Please enquire, if you would like to set up this sound art installation in your space.
Touch scrren installation with motion sensor
This has been designed for an art gallery, or any space that would benefit from an ambient soundscape. While moving around looking at a gallery's pictures, the visitor will activate a motion sensor causing one of several short original compositions to play, which are interspersed with atmospheric ambient recordings. After a piece finishes, another will start when movement is again detected.
It has been created to associate sound and vision as a unified experience and create a meditative environment.
Unlike Modest Mussorgsky's famous composition, Pictures at an Exhibition, these pieces do not represent individual paintings but create atmosphere, enhancing the gallery experience.
In addition to writing the music and seeking out appropriate recordings, Bill has programmed a computer to link the motion sensor via a Bluetooth connection to loudspeakers. The software allows for easy updating with new compositions and sounds to keep the listener experience fresh and the content relevant.

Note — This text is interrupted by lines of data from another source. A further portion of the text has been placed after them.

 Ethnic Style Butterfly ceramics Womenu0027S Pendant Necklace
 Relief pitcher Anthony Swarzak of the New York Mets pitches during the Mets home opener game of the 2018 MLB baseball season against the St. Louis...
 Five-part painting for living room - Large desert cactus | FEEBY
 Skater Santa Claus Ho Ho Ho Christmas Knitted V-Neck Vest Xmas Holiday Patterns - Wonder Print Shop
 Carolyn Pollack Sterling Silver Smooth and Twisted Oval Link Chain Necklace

Rear view showing the attached computer
It is easy to set up an operate. Once in situ, it simply needs turning on and the programme set running. The computer memory is large enough to contain hours of sounds so that the listener experience does not diminish. This unit currently includes, for example, six compositions, plus the natural soundscape recordings of birdsong - nightingale, owl, curlew – the sea, wind in trees, running water and, particularly eerie, the sound of an aeolian harp.

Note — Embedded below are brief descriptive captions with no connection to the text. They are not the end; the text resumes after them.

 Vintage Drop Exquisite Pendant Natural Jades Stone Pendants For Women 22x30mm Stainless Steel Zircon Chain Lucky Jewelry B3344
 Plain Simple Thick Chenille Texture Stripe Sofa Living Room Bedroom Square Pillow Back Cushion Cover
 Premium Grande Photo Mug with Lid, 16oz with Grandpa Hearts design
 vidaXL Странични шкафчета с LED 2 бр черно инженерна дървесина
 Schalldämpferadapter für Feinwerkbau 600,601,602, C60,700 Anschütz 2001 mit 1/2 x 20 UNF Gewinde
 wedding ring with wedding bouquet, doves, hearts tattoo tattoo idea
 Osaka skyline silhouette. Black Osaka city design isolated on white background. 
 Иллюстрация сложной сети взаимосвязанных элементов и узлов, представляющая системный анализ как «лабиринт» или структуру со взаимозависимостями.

Two philosophers who have had significant influence on the philosophy of music are Arthur Schopenhaur (1788-1860) and Friedrich Nitzsche (1844-1900). Schopenhaur believed that music was the highest form of pure and abstract art, offering a sort of channel to a different reality that lies within, his 'will to power', the source of all life and creativity, while Nitzsche regarded music not as offering an escape from the world but as a means to embrace and enhance the experience of life, taking the listener beyond the mundane reality of our perceived world to a different dimension, that of the 'superman'.